* WHAT YOU WILL DO *
Give the data again exactly, without its images.

* INPUT DATA *
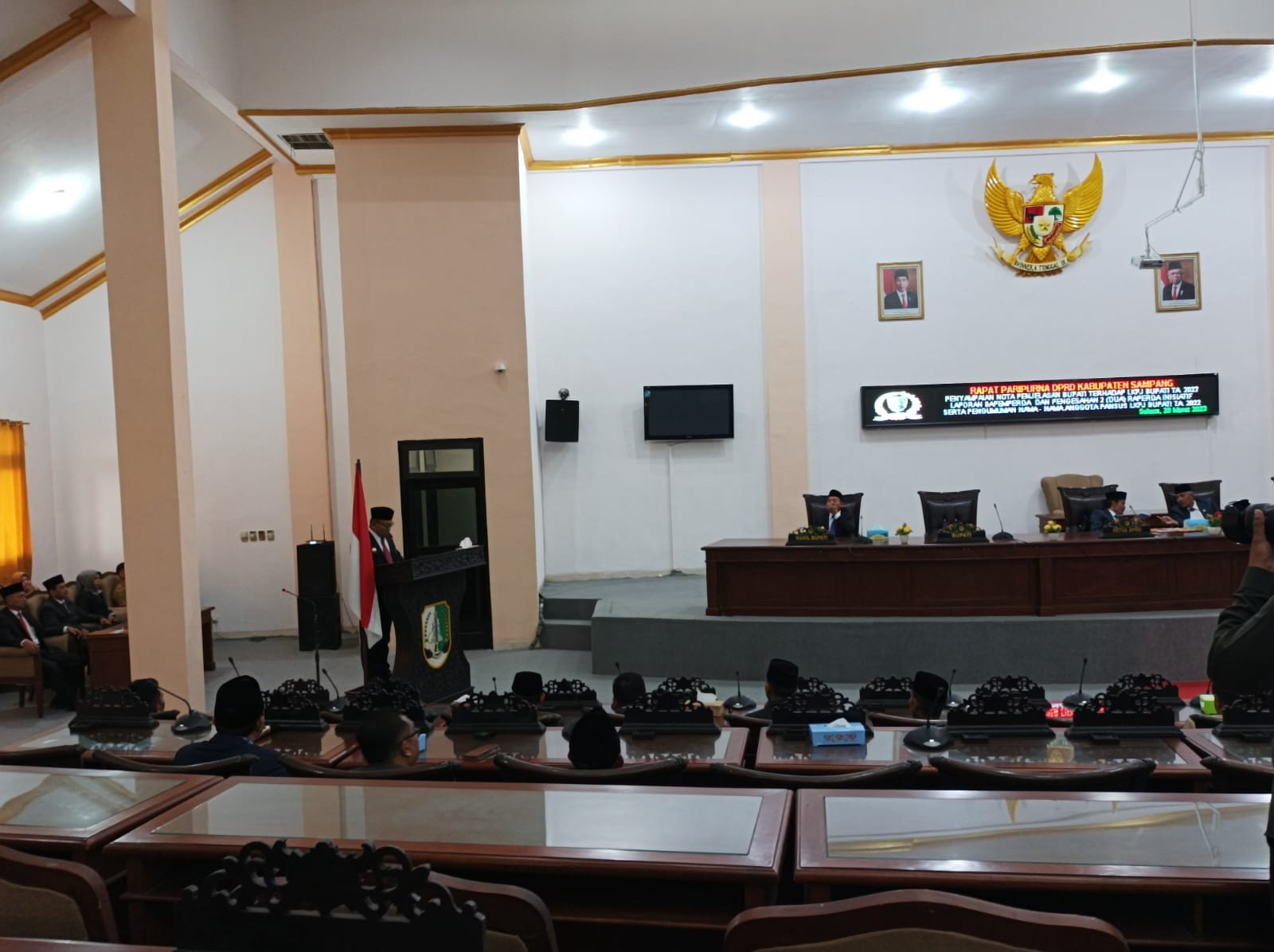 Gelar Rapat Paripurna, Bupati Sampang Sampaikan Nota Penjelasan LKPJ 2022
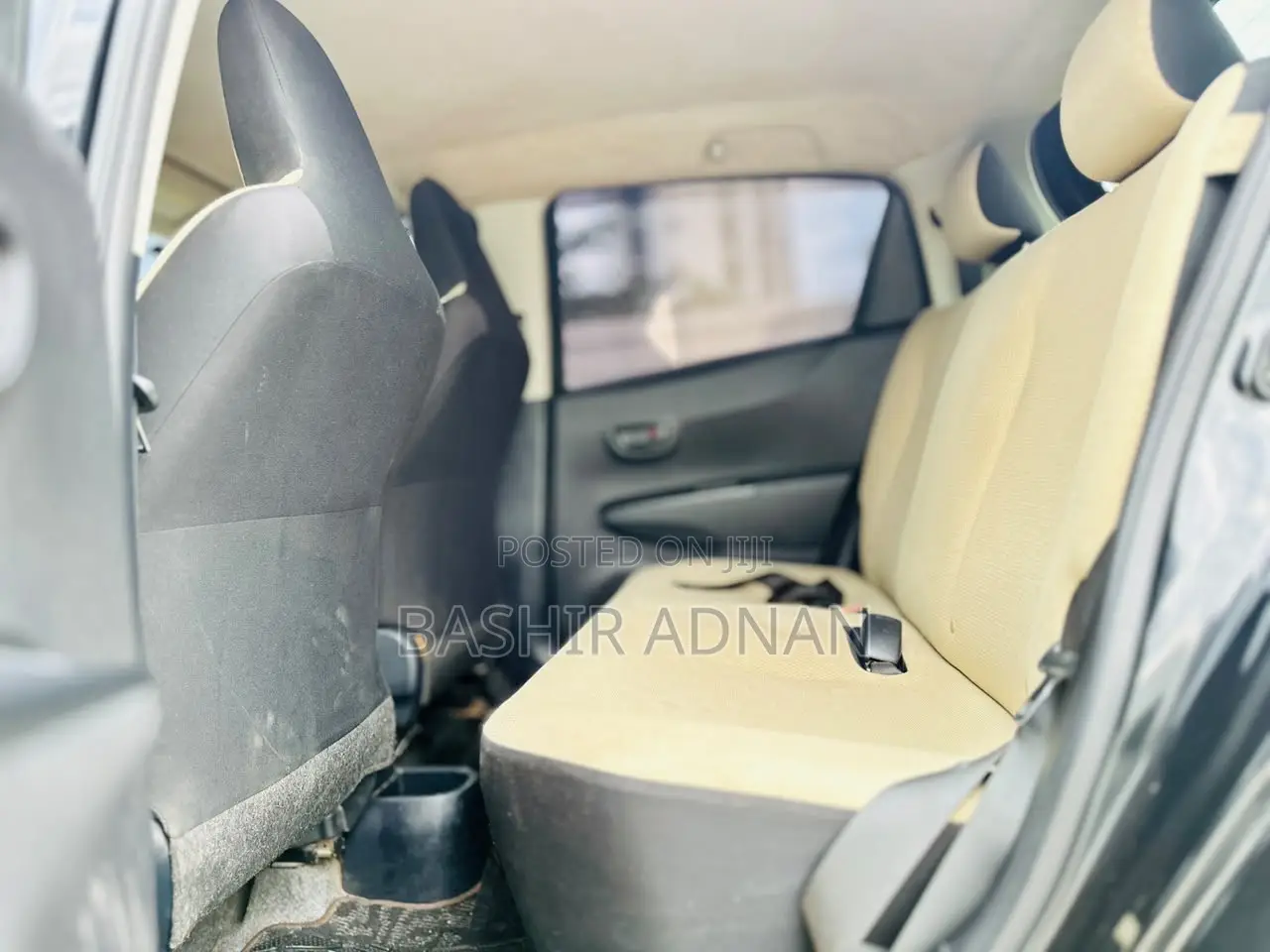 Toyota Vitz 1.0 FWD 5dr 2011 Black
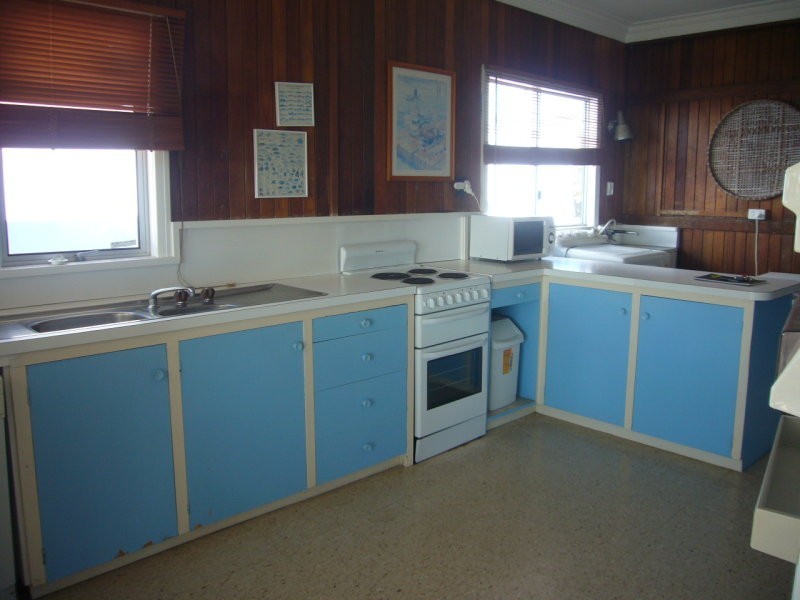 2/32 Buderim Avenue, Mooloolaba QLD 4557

* EXPECTED OUTPUT *
 Gelar Rapat Paripurna, Bupati Sampang Sampaikan Nota Penjelasan LKPJ 2022
 Toyota Vitz 1.0 FWD 5dr 2011 Black
 2/32 Buderim Avenue, Mooloolaba QLD 4557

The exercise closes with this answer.